> WHAT YOU WILL DO
Your reply should contain the whole listing below, repeated exactly, and no images.

> INFORMATION PROVIDED

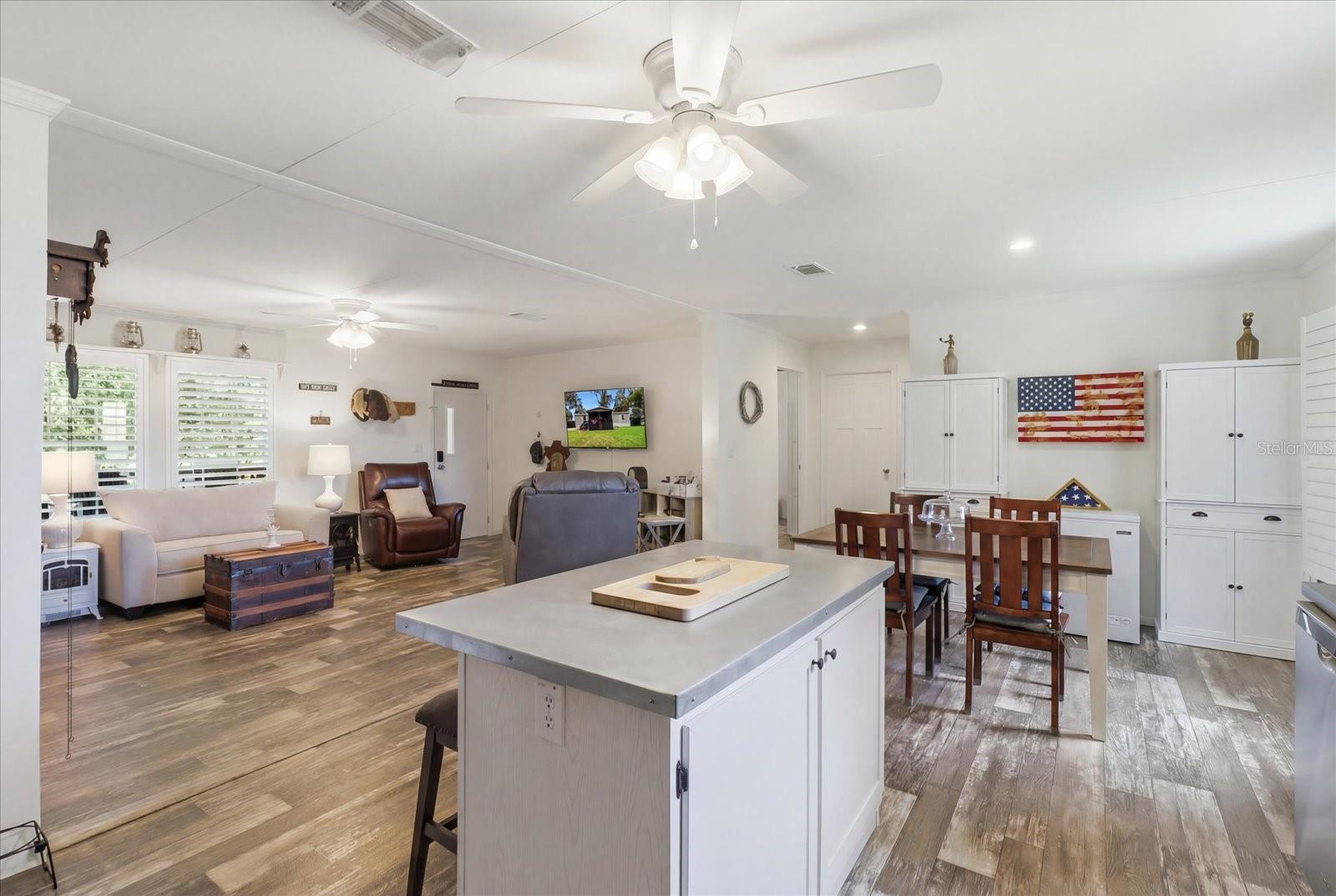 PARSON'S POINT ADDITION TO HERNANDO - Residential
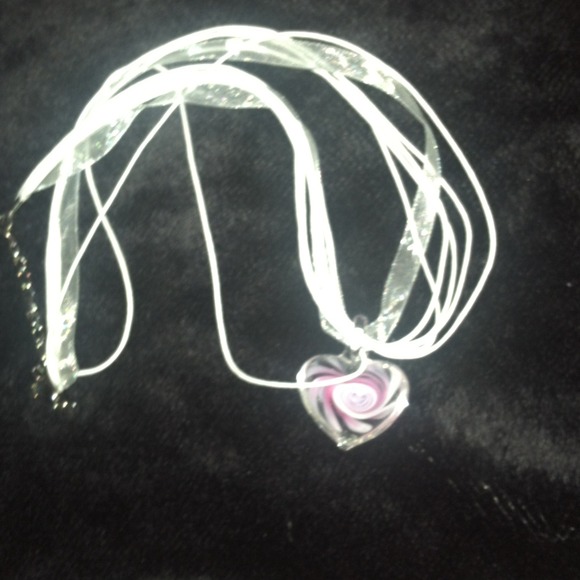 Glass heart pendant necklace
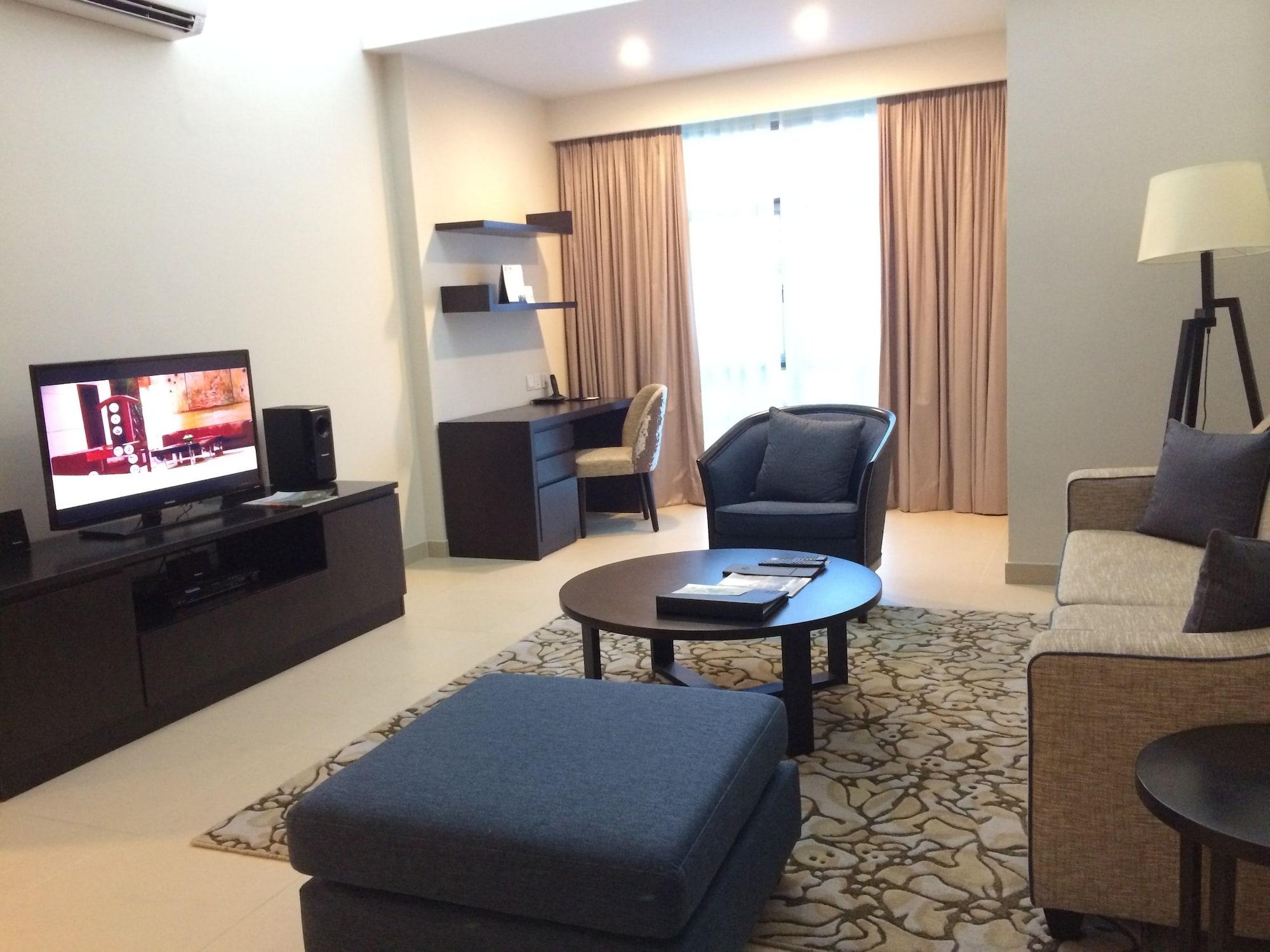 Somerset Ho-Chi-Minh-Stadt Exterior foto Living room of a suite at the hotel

> RESPONSE
 PARSON'S POINT ADDITION TO HERNANDO - Residential
 Glass heart pendant necklace
 Somerset Ho-Chi-Minh-Stadt Exterior foto Living room of a suite at the hotel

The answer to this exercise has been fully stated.